══ Task input ══
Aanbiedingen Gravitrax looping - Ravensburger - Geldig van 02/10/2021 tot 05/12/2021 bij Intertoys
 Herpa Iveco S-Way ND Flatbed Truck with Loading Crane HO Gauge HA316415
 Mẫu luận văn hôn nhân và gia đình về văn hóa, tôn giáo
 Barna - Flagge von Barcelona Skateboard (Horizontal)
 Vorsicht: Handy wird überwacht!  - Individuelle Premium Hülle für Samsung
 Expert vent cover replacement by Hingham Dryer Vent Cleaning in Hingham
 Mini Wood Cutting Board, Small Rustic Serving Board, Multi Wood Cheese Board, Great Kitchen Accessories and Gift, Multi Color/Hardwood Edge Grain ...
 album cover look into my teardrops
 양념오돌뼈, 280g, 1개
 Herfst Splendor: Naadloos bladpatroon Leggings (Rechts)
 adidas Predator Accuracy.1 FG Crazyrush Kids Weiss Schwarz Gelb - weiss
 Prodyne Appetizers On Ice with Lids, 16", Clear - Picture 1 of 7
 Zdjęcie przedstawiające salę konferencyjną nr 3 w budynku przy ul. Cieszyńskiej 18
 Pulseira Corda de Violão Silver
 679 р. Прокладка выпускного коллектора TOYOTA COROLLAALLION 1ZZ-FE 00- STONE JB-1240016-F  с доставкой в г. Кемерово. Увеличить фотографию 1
═══
[Problem to work on]:
Nothing but the lines from the one holding "Mẫu luận văn" through the last line of the data may be output, and each must match exactly.

[Result for this exercise]:
 Mẫu luận văn hôn nhân và gia đình về văn hóa, tôn giáo
 Barna - Flagge von Barcelona Skateboard (Horizontal)
 Vorsicht: Handy wird überwacht!  - Individuelle Premium Hülle für Samsung
 Expert vent cover replacement by Hingham Dryer Vent Cleaning in Hingham
 Mini Wood Cutting Board, Small Rustic Serving Board, Multi Wood Cheese Board, Great Kitchen Accessories and Gift, Multi Color/Hardwood Edge Grain ...
 album cover look into my teardrops
 양념오돌뼈, 280g, 1개
 Herfst Splendor: Naadloos bladpatroon Leggings (Rechts)
 adidas Predator Accuracy.1 FG Crazyrush Kids Weiss Schwarz Gelb - weiss
 Prodyne Appetizers On Ice with Lids, 16", Clear - Picture 1 of 7
 Zdjęcie przedstawiające salę konferencyjną nr 3 w budynku przy ul. Cieszyńskiej 18
 Pulseira Corda de Violão Silver
 679 р. Прокладка выпускного коллектора TOYOTA COROLLAALLION 1ZZ-FE 00- STONE JB-1240016-F  с доставкой в г. Кемерово. Увеличить фотографию 1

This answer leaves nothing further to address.